I tried the following: Suppose $0$ would have a neighbourhood which is homeomorphic to $\mathbb{R}^3$. Then by restricting this homeomorphism one could Embed the projective plane into $\mathbb{R}^3$. Which is not possible (by google). However I did not find out why.

Is there an algebraic invariant, which prohibits it and is easy to visualize?

Answer 1

Every codimension one closed submanifold of $\mathbb R^3$ is orientable but $\mathbb{R}P^2$ is not orientable .

Answer 2

$\newcommand{\Reals}{\mathbf{R}}\newcommand{\Proj}{\mathbf{P}}$You have two questions:

1. Why does $\Reals\Proj^{2}$ not embed in $\Reals^{3}$? (Your title question, which Georges has answered.)
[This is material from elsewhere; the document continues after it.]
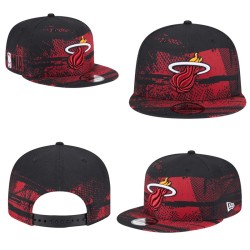 Miami Heat Caps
2. Why is $Q = \Reals^{3}/{\pm}$ not a manifold? (The motivating question in your post, which 1. answers indirectly.)

Here's an alternative take on 2.: The "link" of the vertex of $Q$ (i.e., the boundary of the image of a ball centered at the origin of $\Reals^{3}$) is $\Reals\Proj^{2}$ instead of $S^{2}$. If some neighborhood $U$ of the vertex of $Q$ were homeomorphic to $\Reals^{3}$, there would exist a closed ball $B$ centered at the origin of $\Reals^{3}$ whose image in $Q$ is (contractible and) contained in $U$. Following with a homeomorphism $\phi:U \to \Reals^{3}$ would give a contractible subset of $\Reals^{3}$ whose boundary is $\Reals\Proj^{2}$.

The same idea implies, for example, that a cone on a $2$-torus is not a manifold, even though a $2$-torus does embed in $\Reals^{3}$.